Back from FAST, this week I’m continuing my OSDI’20 series. I couldn’t update this week at my usual times as I have been crazy with meetings the whole week. Friday I only had 30 mins break the whole day while the rest is filled with meetings so I’m updating our weekly paper reading now on Saturady. I do understand why the morning paper discontinued and I actually do have the fear that this one won’t last long either… Anyways, today we will look at a less technical paper but I think would be valueable to researchers.
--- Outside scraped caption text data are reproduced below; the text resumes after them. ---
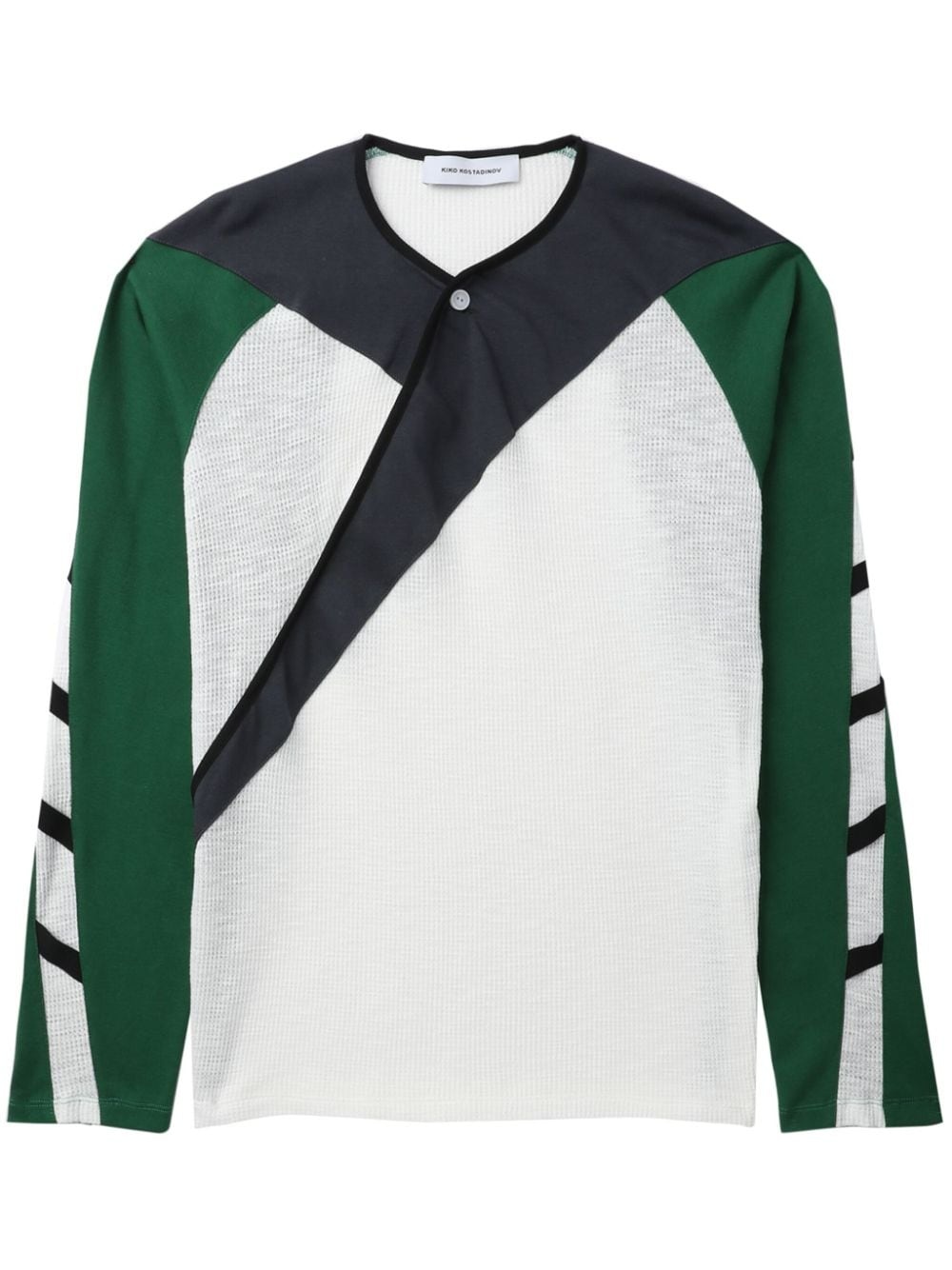 colour-block panelled cotton T-shirt - 1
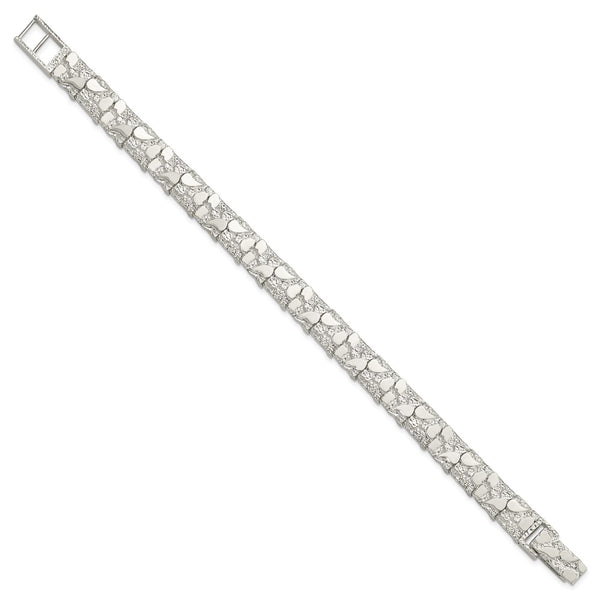 Sterling Silver 8-inch 9MM Nugget Bracelet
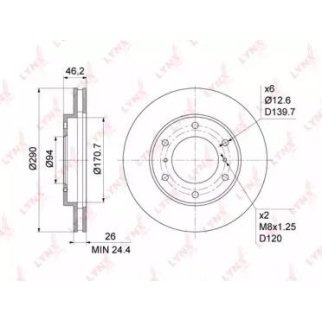 Диск тормозной передний вентилируемый LYNXauto BN-1090 фото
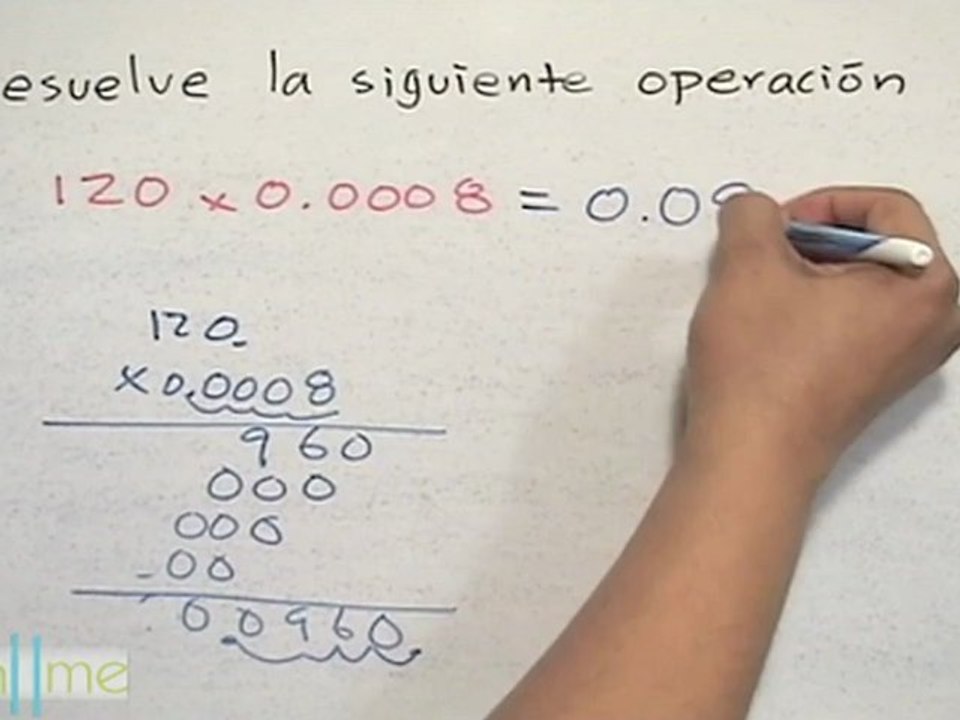 Desarrollar una multiplicación con decimales (mover el punto decimal)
Let’s look at the analysis of a large scale in-memory cache at Twitter.
How are in-memory caches deployed at Twitter?
- One service one cache clsuter (100s clusters in total)
- A cache cluster is composed by containers
- In total they serve billions QPS and consume 100s TB DRAM
- Method
- Week-long traces from one instance of each cluster (open sourced)
- 700 billion requests, 80 TB in size
- Focus on 54 clsuters in this paper
- Week-long traces from one instance of each cluster (open sourced)
How are cache clusters used?
- Use cases
- Caching for storage (KVStore)
- Caching for computation
- Intermediate data no persistency
- Workloads
- 35% of clusters are write-heavy with more than 30% writes (challenges: scalability, tail latency)
- Object sizes are small
- 24% cluster mean object size < 100 bytes
- Median: 230 bytes
- Key size is large, Value/key size is small: 15% value size <= key size; 50% value size <= 5x key size (key compression)
- Sizes are changing as time goes by, and it can be very sudden with no pattern
- Metadata size is large: 56 bytes per object
How long before objects expire? Time-to-live (TTL)
- Objects are set to expire because of inconsistency, result update (refresh), etc.
- TTLs are usually short: < 20 mins, only 25% TTLs are > 2 days
- Bounded working set size (3-6GB) -> No need for huge cache size
- The paper mentions multiple TTL methods and all are inefficient
Other statistics
- Small cache miss and variations
- Request spikes are not always caused by hot keys
- Most are zipfian with large alpha with small deviations
- Cache policy is workload denpendent and FIFO performs similar to LRU
Comment
This is another no innovation but high value paper. I would definately read again carefully and come back with more notes as I found more interesting things to log. The trace may be useful for my own future papers as well.